Inclusions: XML versus SGML

David Woolley wrote to <mailto:www-html@w3.org> on 9 April 2003 in "Re:
Object and New Insert Code Element"
(<mid:200304100605.h3A651T03195@djwhome.demon.co.uk>):

>> I say one thing XHTML 2 desperately needs is a new element called
>> insert. We would use it sort of like object except this would be for
>> inserting code, (not images or applications!) from an external file
>> source. This is something myself and many others NEED.
> 
> This already exists, for all XML languages, but browsers are not required
> to honour it, and as far as I know, none do.

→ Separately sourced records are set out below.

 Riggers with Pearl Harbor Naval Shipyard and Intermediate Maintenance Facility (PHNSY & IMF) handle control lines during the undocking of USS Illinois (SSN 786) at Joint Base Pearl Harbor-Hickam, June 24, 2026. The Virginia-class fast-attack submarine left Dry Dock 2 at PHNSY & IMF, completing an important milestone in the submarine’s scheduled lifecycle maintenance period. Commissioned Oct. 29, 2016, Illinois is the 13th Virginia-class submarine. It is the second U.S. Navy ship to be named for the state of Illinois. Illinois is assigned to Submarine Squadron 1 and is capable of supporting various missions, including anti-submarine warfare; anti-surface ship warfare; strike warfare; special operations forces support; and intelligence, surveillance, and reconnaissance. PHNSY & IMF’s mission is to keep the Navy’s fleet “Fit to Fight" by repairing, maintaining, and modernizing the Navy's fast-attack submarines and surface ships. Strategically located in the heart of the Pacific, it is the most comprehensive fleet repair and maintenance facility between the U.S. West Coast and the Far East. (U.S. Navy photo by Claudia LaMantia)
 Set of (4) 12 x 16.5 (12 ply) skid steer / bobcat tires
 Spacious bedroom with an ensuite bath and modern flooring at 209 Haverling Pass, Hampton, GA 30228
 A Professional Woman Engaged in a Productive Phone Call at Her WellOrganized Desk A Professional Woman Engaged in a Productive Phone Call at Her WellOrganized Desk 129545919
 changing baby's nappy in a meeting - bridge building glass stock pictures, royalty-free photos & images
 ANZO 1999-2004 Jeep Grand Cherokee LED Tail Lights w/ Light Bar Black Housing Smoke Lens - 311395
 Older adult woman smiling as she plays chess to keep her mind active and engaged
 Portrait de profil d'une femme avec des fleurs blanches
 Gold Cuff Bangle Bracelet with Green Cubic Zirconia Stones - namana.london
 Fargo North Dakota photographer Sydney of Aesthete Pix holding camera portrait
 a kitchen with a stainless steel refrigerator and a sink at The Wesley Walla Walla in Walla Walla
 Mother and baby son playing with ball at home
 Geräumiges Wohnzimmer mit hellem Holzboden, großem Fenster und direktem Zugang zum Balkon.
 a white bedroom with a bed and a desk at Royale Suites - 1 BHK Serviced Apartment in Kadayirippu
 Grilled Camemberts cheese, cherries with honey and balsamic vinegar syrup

You mean entities and entity references. In XML, those won't do the job. In
XML, general entities are parsed for markup at the point of reference.
Arbitrary text is likely to cause errors. Machine-readable code is still
more likely to cause errors.

SGML provides multiple ways to include arbitrary text with minimal parsing
or with no parsing.

> In the DOCTYPE, you call in entity definition files,

One declares entities. They are not "called in" within the document type
declaration, they are merely identified. And there is no requirement for the
involvement of files. The system may avoid files altogether or extract parts
of files as the text of an entity.

> and in the body of the document you use  &NameOfInsertion;.
> This is actually the same mechanism as used for named characters

In XML, your equation holds reasonably, but not in SGML. SGML actually has
named characters, like RE (the record end role, typically U+000D, carriage
return), RS (the record start role, typically U+000A, line feed), and SPACE
(the space role, typically U+0020, space).

Character reference by name is possible in SGML (like &#SPACE;) and has a
meaning that differs from that of numeric character reference and from that
of entity reference.

> the difference there is that the included character definition files
> are included by the primary DTD and are known to the browser.

What does "primary DTD" mean?

-- 
Etan Wexler <mailto:ewexler@stickdog.com>.
Goldfarb, Mosher, and Lorie, oh my!
And a heartfelt thanks to Jan Roland Eriksson, my favorite Swede.